I'm trying to automatize keyword tracking using selenium and python. I am using an online tool called "I search from" to get results page and then try to scrape them to get current position for my domain. The code I am using is working fine for other domains and it returns a list of objects. I don't understand why the problem occurs, perhaps I am not targeting an element correctly but I can't find a solution myself. I would be really grateful for any tip that would push me towards a solution. I tried all possible ways to target elements by id, xpath or class name and nothing works.

Best regards!

    from selenium import webdriver
    from selenium.webdriver.common.keys import Keys
    from selenium.webdriver.support.select import Select
    import time
    
    driver = webdriver.Firefox(executable_path="C:\Drivers\geckodriver.exe")
    
    keywords = ['random keyword']
    
    driver.get("https://www.google.com")
    
    newGoogleCookie = {'name': 'CONSENT', 'value': 'YES+PL.pl+V12+B', 'path': '/', 'domain': '.google.com', 'secure': False, 'httpOnly': False, 'expiry': 2145916800, 'sameSite': 'None'}
    driver.add_cookie(newGoogleCookie)
    
    driver.get('https://www.isearchfrom.com')
    
    CountryInput = driver.find_element_by_id('countrytags')
    LanguageInput = driver.find_element_by_id('languagetags')
    deviceDropdown = driver.find_element_by_id('deviceselect')
    
    CountryInput.send_keys("Poland")
    LanguageInput.send_keys("Polish")
    deviceDropdown.send_keys('Android phone')
    
    searchedKeywordInput = driver.find_element_by_id('searchinput')
    for keyword in keywords:
        searchedKeywordInput.send_keys(keyword)
        SearchButton = driver.find_element_by_id('searchbutton').click()
        results = driver.find_elements_by_xpath('//*[@id="dimg_1"]')
        print(results)
2

There are 2 best solutions below

2
On BEST ANSWER

The locator you are using //*[@id="dimg_1"] is for images in search results. This may not be true for all search results. When you are searching for "random keyword" the search results do not have any images due to which the length of list results is 0.

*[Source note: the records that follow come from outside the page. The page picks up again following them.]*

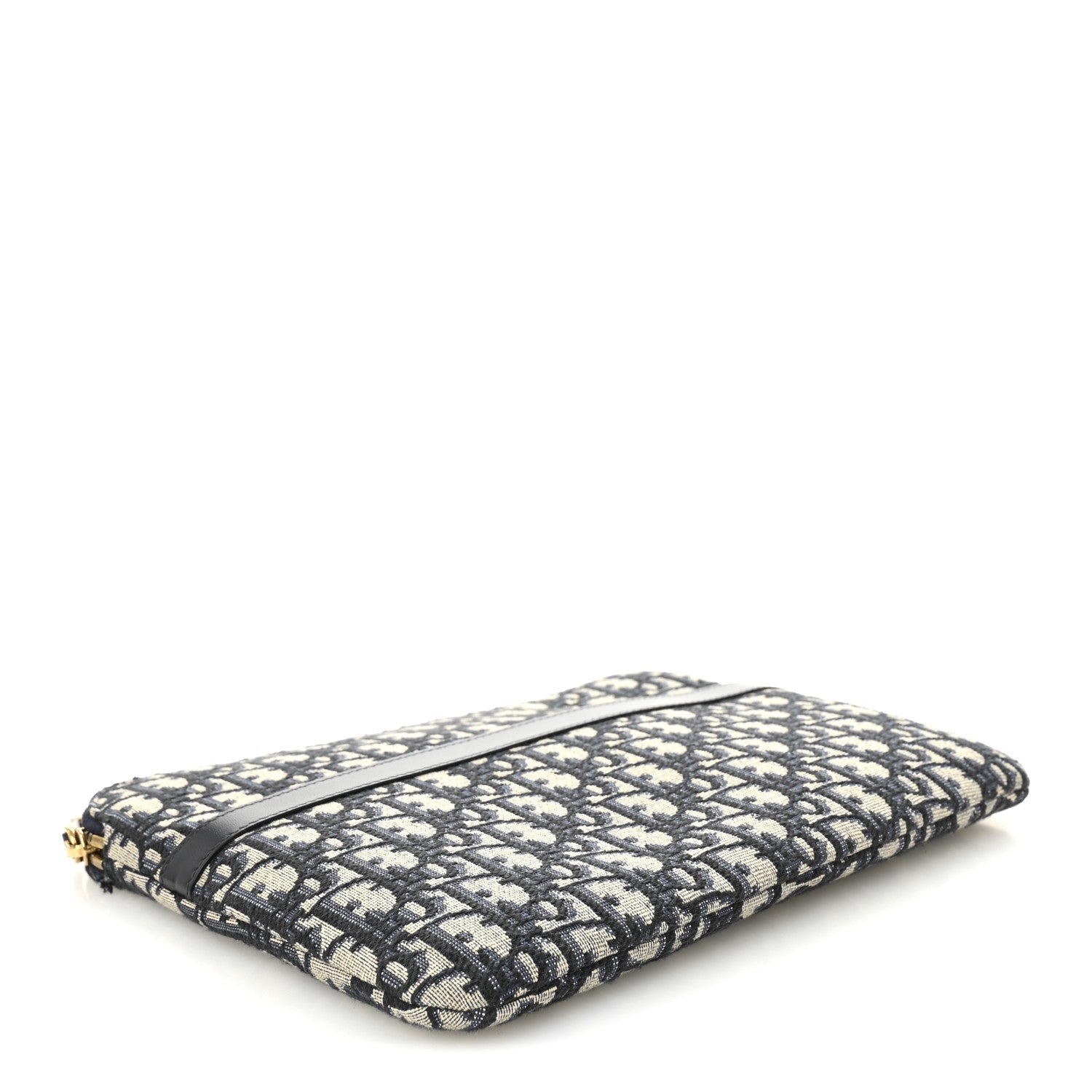 OBLIQUE TRAVEL SET NAVY BLUE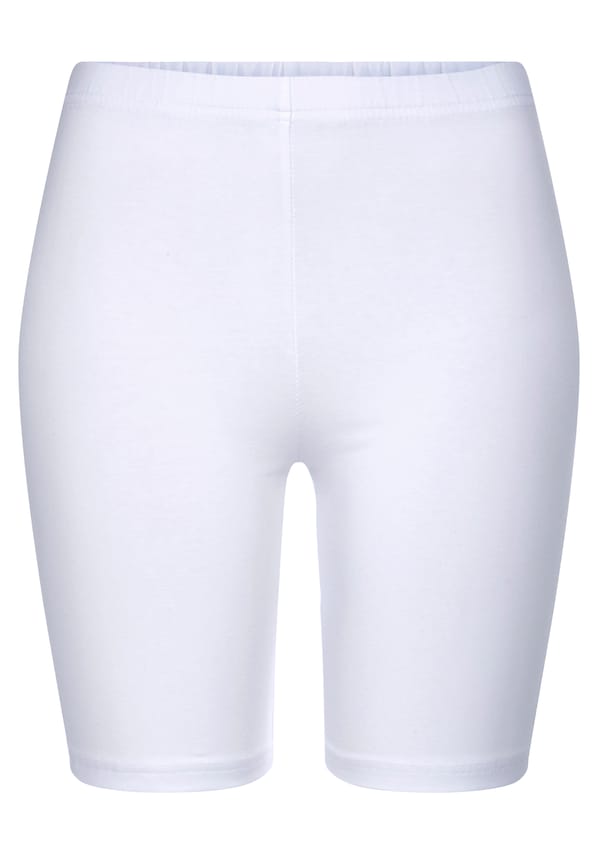 VIVANCE, Leggings, fekete & fehér, 1 kép a 8 közül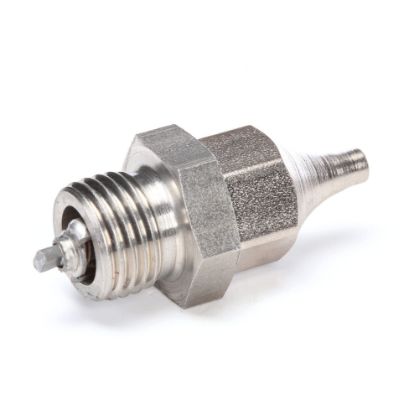 Picture of 3M™ Pg Ii Valve Assembly Kit Part# - 7000046636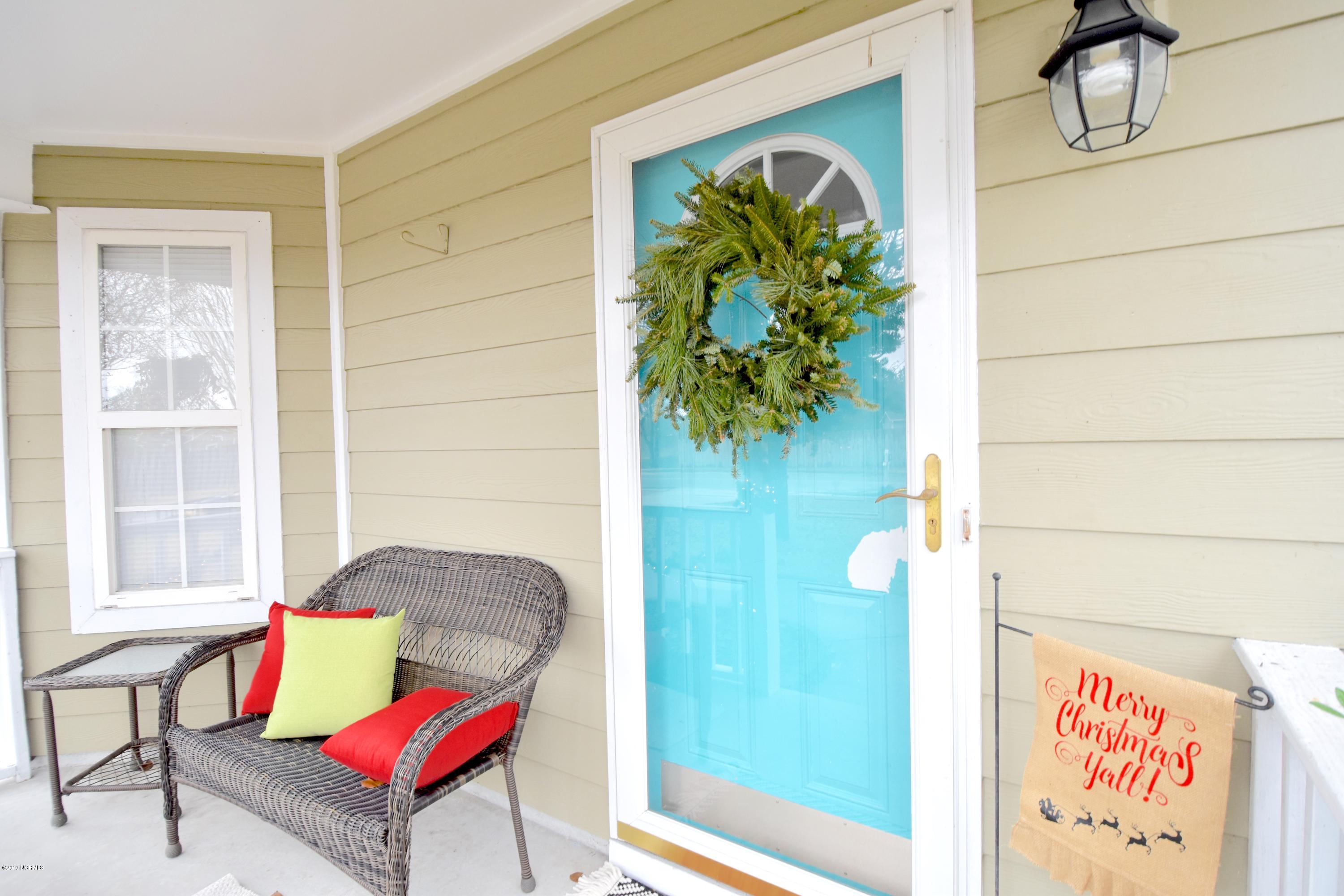 2304 White Road Wilmington, NC 28411 - Photo 7 of 21 DSC_0314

You need to modify the locator to be a more generic one and which works even when the search results do not have any images. Perhaps you could use something like this: //div[@class="kCrYT"]/a/h3/div. This will get you all webElements for search result headers

Update: The issue in that case is you are not switching to the new window/tab that opens. Please try the following code instead:

driver.get('http://www.isearchfrom.com')

CountryInput = driver.find_element_by_id('countrytags')
LanguageInput = driver.find_element_by_id('languagetags')
deviceDropdown = driver.find_element_by_id('deviceselect')

CountryInput.send_keys("Poland")
LanguageInput.send_keys("Polish")
deviceDropdown.send_keys('Android phone')

searchedKeywordInput = driver.find_element_by_id('searchinput')
parentGUID = driver.window_handles[0]
for keyword in keywords:
    searchedKeywordInput.send_keys(keyword)
    SearchButton = driver.find_element_by_id('searchbutton').click()
    window_after=driver.window_handles[1]
    driver.switch_to_window(window_after)
    results = driver.find_elements_by_xpath('//div[@class="kCrYT"]/a/h3/div')
    print(len(results))
    print(results)

0
On

So apparently you were right. I was scraping the first opened tab all the time. I fixed it by adding this line to the loop that was supposed to run scraping for each result: driver.switch_to.window(driver.window_handles[-1])

Thanks a lot

*This comment has been edited, previously I stated that that is not the case, but it was.